TASK BRIEF »
Print each entry below precisely as shown.

RECORDS PROVIDED »

=== Begin Enclosure ===

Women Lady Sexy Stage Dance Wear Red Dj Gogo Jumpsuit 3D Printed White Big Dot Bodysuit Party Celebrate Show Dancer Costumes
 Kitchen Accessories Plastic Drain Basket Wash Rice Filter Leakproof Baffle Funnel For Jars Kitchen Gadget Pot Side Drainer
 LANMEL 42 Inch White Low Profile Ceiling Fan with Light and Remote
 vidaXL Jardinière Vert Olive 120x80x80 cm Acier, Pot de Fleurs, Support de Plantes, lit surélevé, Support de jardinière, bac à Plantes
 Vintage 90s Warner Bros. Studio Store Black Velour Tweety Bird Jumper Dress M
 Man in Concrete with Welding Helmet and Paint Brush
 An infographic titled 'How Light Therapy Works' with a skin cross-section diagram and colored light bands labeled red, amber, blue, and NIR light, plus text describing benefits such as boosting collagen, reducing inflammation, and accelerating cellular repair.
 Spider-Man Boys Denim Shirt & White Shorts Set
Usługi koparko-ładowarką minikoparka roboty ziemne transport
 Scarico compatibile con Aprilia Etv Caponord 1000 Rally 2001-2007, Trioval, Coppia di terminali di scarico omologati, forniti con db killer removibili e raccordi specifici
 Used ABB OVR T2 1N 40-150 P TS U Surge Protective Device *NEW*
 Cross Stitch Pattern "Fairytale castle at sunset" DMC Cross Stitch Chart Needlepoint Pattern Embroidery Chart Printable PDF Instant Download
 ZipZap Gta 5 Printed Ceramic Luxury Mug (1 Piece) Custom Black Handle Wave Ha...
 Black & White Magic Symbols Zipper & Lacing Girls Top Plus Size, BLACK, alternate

=== End Enclosure ===

EXERCISE RESPONSE »
Women Lady Sexy Stage Dance Wear Red Dj Gogo Jumpsuit 3D Printed White Big Dot Bodysuit Party Celebrate Show Dancer Costumes
 Kitchen Accessories Plastic Drain Basket Wash Rice Filter Leakproof Baffle Funnel For Jars Kitchen Gadget Pot Side Drainer
 LANMEL 42 Inch White Low Profile Ceiling Fan with Light and Remote
 vidaXL Jardinière Vert Olive 120x80x80 cm Acier, Pot de Fleurs, Support de Plantes, lit surélevé, Support de jardinière, bac à Plantes
 Vintage 90s Warner Bros. Studio Store Black Velour Tweety Bird Jumper Dress M
 Man in Concrete with Welding Helmet and Paint Brush
 An infographic titled 'How Light Therapy Works' with a skin cross-section diagram and colored light bands labeled red, amber, blue, and NIR light, plus text describing benefits such as boosting collagen, reducing inflammation, and accelerating cellular repair.
 Spider-Man Boys Denim Shirt & White Shorts Set
Usługi koparko-ładowarką minikoparka roboty ziemne transport
 Scarico compatibile con Aprilia Etv Caponord 1000 Rally 2001-2007, Trioval, Coppia di terminali di scarico omologati, forniti con db killer removibili e raccordi specifici
 Used ABB OVR T2 1N 40-150 P TS U Surge Protective Device *NEW*
 Cross Stitch Pattern "Fairytale castle at sunset" DMC Cross Stitch Chart Needlepoint Pattern Embroidery Chart Printable PDF Instant Download
 ZipZap Gta 5 Printed Ceramic Luxury Mug (1 Piece) Custom Black Handle Wave Ha...
 Black & White Magic Symbols Zipper & Lacing Girls Top Plus Size, BLACK, alternate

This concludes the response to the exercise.